Main article: Prior art

In the context of European and Australian patent law, the term “state of the art” is a concept used in the process of assessing and asserting novelty and inventive step, and is a synonym of the expression “prior art” In the European Patent Convention (EPC), “[the] state-of-the-art shall be held to comprise everything made available to the public by means of a written or oral description, by use, or in any other way, before the date of filing of the European patent application” according to Article 54(2) EPC. Due account should be taken of Article 54(3) EPC as well, but merely for the examination of novelty.
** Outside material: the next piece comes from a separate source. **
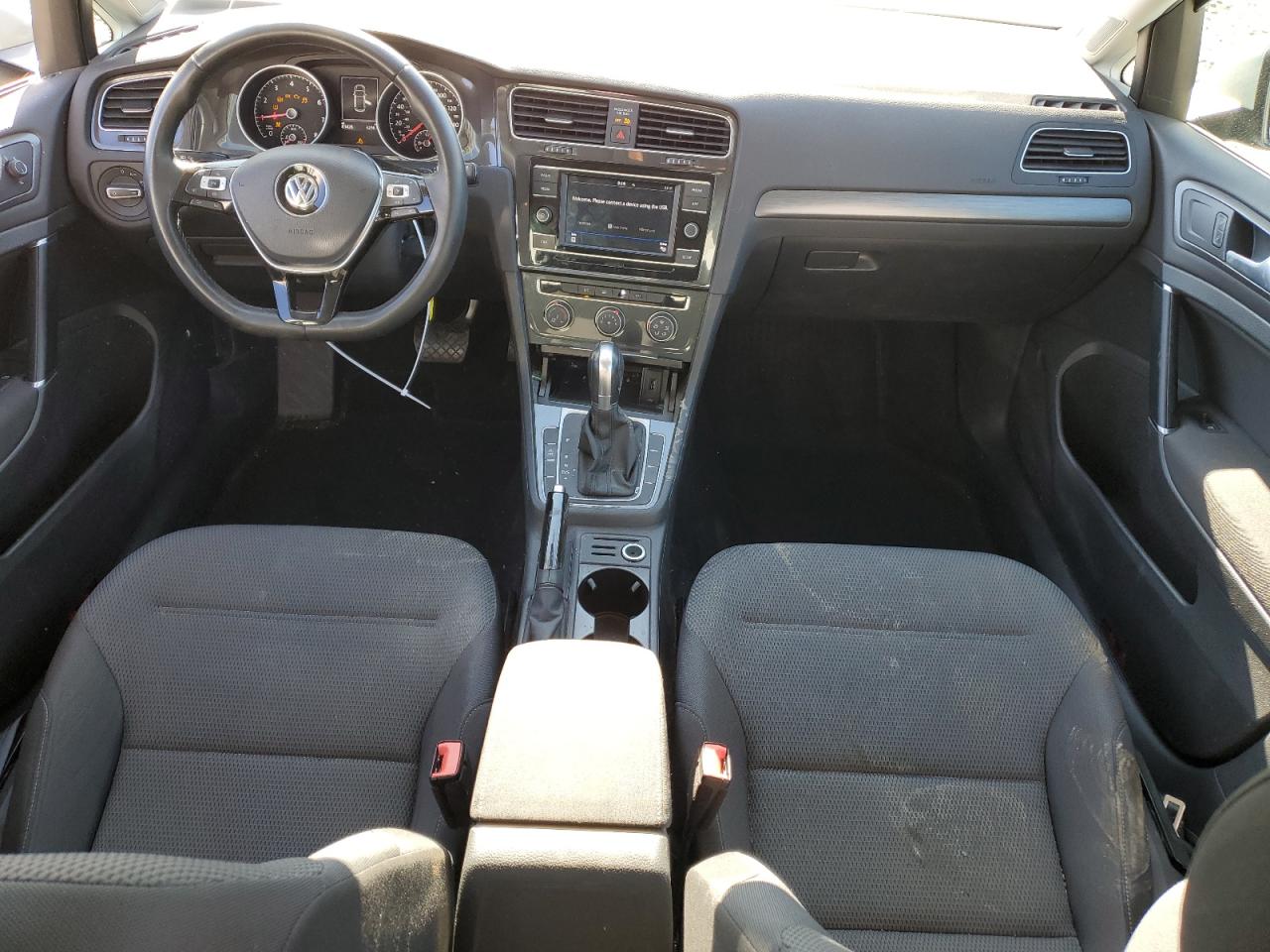 2019 Volkswagen Golf - Image 8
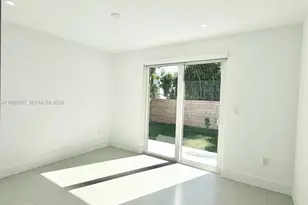 524 NE 65th St, Miami, FL 33138 - Photo 10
The expression “background art” is also used in certain legal provisions, such as Rule 42(1)(b) and(c) EPC (previously Rule 27(1)(b) and (c) EPC 1973), and has the same meaning.

Tort liability

The state-of-the-art is important in the law of tort liability, specifically in the areas of negligence and products liability. With respect to negligence, “an engineer may defend against a claim of negligence by contending that he met the standards of his profession and the state-of-the-art”. With respect to products liability, manufacturers generally have strict liability for any injury caused by defects in their products. However, in some jurisdictions a manufacturer may raise as a legal defense the assertion that their product represents the “state-of-the-art”, and that the manufacturer therefore could not have made the product any safer in light of the knowledge available at the time. For example, “[u]nder German law, the producer can also raise the state-of-the-art defense: general tort law does not hold him liable if he could not know or discover the defect for lack of fault, and the Product Liability Statute expressly provides for this defense”. This defense is available throughout the European Community under the Product Liability Directive, art. 7(e). Pursuant to this article:

The state-of-the-art defense allows a defendant to be absolved of liability if he can prove that the state of technical and scientific knowledge, at the time when he put the product into circulation, was not such as to enable the existence of the defect to be discovered. The Directive allows Member States to eliminate the state-of-the-art defense, but only Luxembourg, which has little manufacturing industry, has done so.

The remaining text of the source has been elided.